Tag Archives: heapq

Sort python dictionaries by values

Perhaps you already encountered a problem like the following one yourself:
You have a large list of items (let’s say URIs for this example) and want to sum up how often they were viewed (or edited or… whatever). A small one-shot solution in python looks like the following and uses the often unknown operator.itemgetter:

import sys
import operator
uriViews = {}
for line in sys.stdin:
    uri, views = line.strip().split()
    views = int(views)
    uriViews[uri] = uriViews.get(uri, 0) - views
    # why minus? could do + and use reverse=True below?
    # right, but then items also get sorted in reverse, if views are
    # the same (so Z would come first, a last)
for uri, views in sorted(uriViews.items(),
                         key=operator.itemgetter(1,0)):
    print -views, uri

This approach can be a lot faster than self written lambda functions called for every comparison or a list comprehension which turns around all tuples and then sorts it. Also in contrast to many other solutions you can find online this one uses operator.itemgetter(1,0), which means that if two items have the same amount of views, their URIs are sorted alphabetically.

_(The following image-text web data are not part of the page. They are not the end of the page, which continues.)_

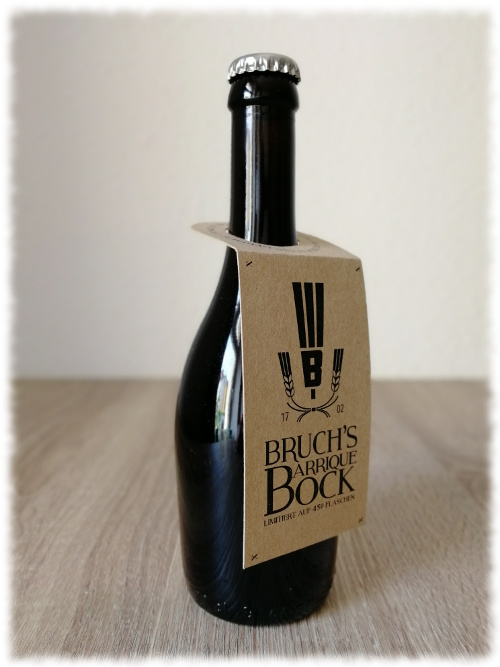 Bruch's Barrique Bock Flasche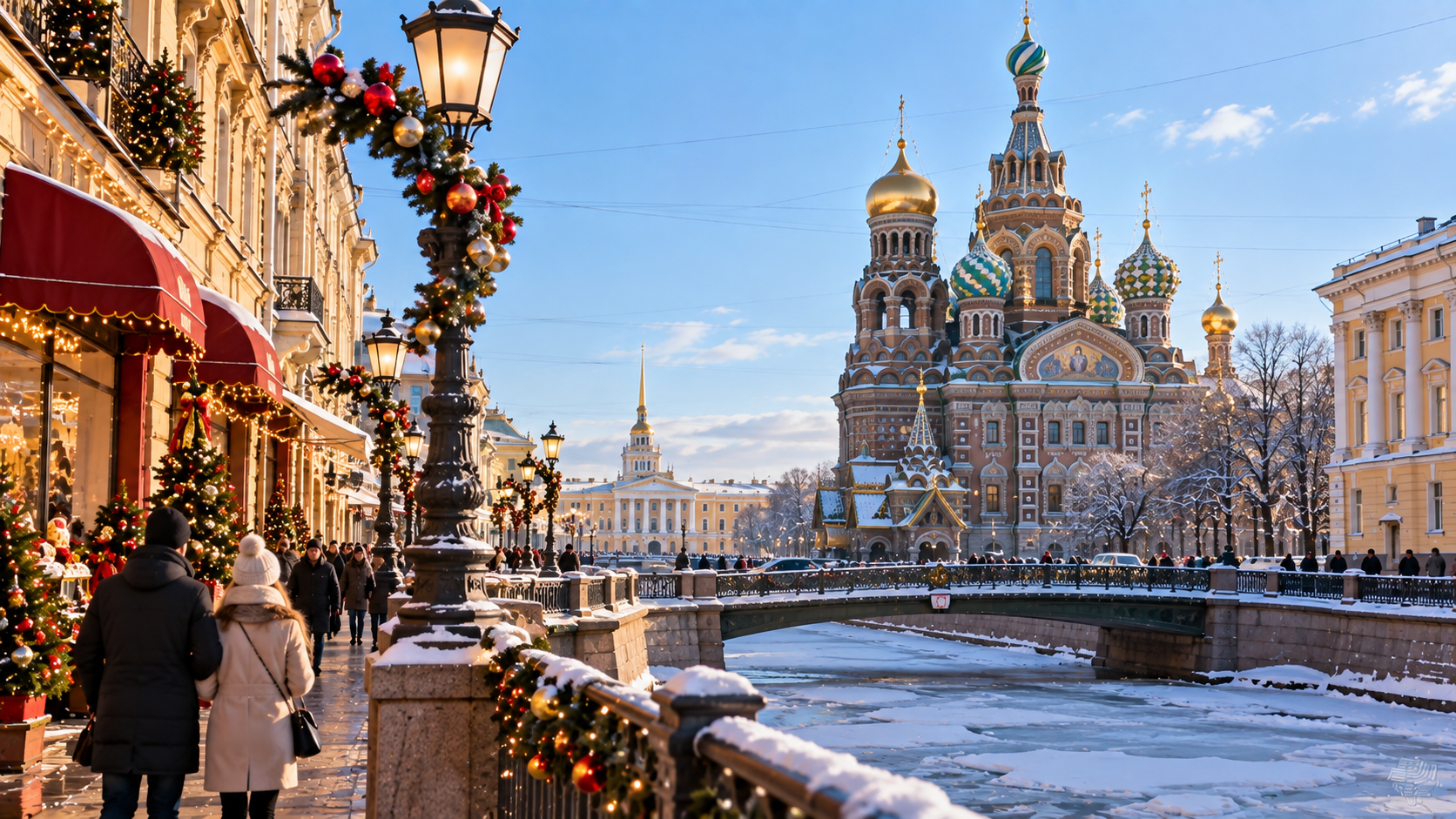 st peterburg docek nove godine euroline pekez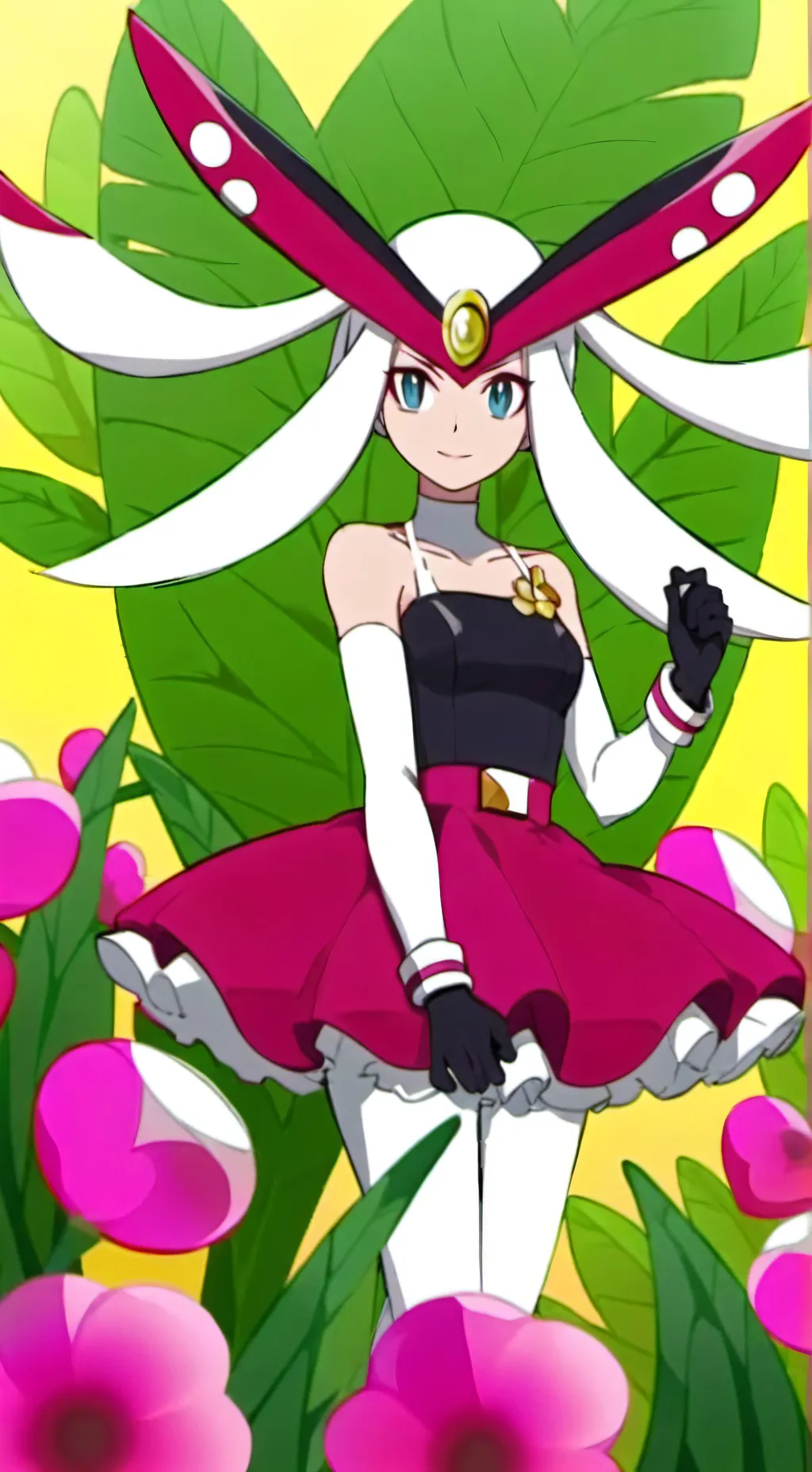 ai character: tsareena background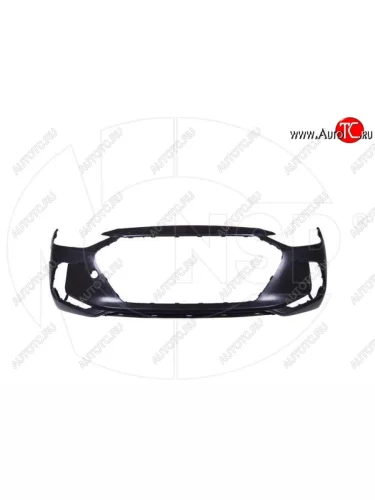 Бампер передний NSP Hyundai Elantra AD дорестайлинг (2016-2019)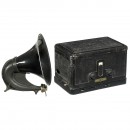 Loewe Radio with N&K Speaker, c. 1929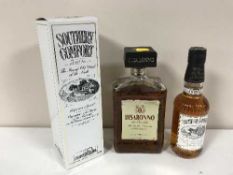 A 70cl bottle of Southern Comfort,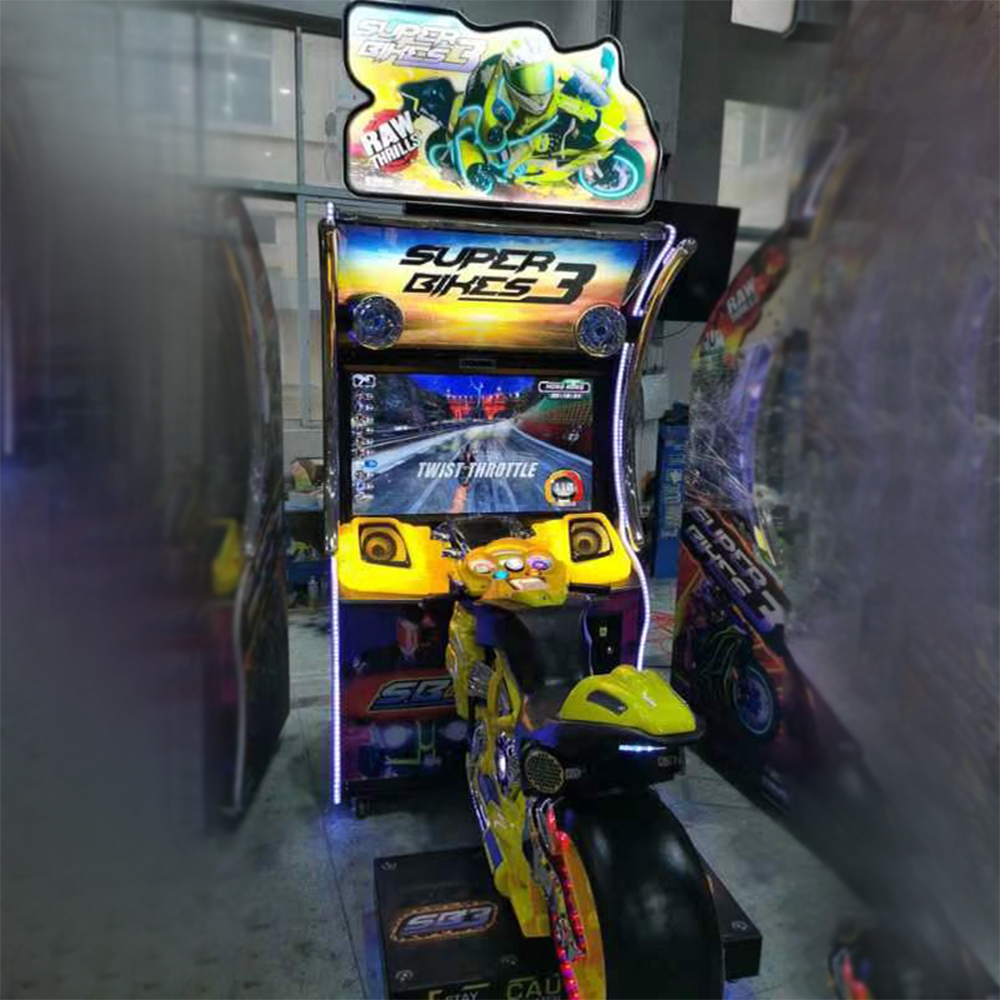 Arcade Motorcycle Game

Remember that this approach sorts the whole list in RAM, so you might want to chose other approaches in case your lists are getting huge.
For further information you might want to read PEP-0265, which also includes a hint what to do when you’re only interested in the Top 1000 for example (will only sort these top1000):

import heapq
top1000 = heapq.nlargest(1000, uriViews.iteritems(), itemgetter(1,0))
for uri,views in top1000:
   print -views, uri

Min-Heap in Python

I recently wanted to implement a small event system where events can have different priorities. So for example the event with highest priority (lowest value) should be handled first.
Python comes with a heapq module which can transform a list into a heap in a way that it stays a list, but fulfills all heap constraints. Nevertheless you might want to wrap the heap like this, so you can do nice stuff:

import heapq
class Heap(object):
    """ A neat min-heap wrapper which allows storing items by priority
        and get the lowest item out first (pop()).
        Also implements the iterator-methods, so can be used in a for
        loop, which will loop through all items in increasing priority order.
        Remember that accessing the items like this will iteratively call
        pop(), and hence empties the heap! """

    def __init__(self):
        """ create a new min-heap. """
        self._heap = []

    def push(self, priority, item):
        """ Push an item with priority into the heap.
            Priority 0 is the highest, which means that such an item will
            be popped first."""
        assert priority >= 0
        heapq.heappush(self._heap, (priority, item))

    def pop(self):
        """ Returns the item with lowest priority. """
        item = heapq.heappop(self._heap)[1] # (prio, item)[1] == item
        return item

    def __len__(self):
        return len(self._heap)

    def __iter__(self):
        """ Get all elements ordered by asc. priority. """
        return self

    def next(self):
        """ Get all elements ordered by their priority (lowest first). """
        try:
            return self.pop()
        except IndexError:
            raise StopIteration

With this one could do the following:

h = Heap()
# add some nonsense:
h.push(10, "I'm a large one")
h.push(20, "Actually I'm larger")
h.push(5, "size is not everything")
h.push(0, "which size?")

# get it out in a cool way:
for item in h:
   print item

# prints:
# which size?
# size is not everything
# I'm a large one
# Actually I'm larger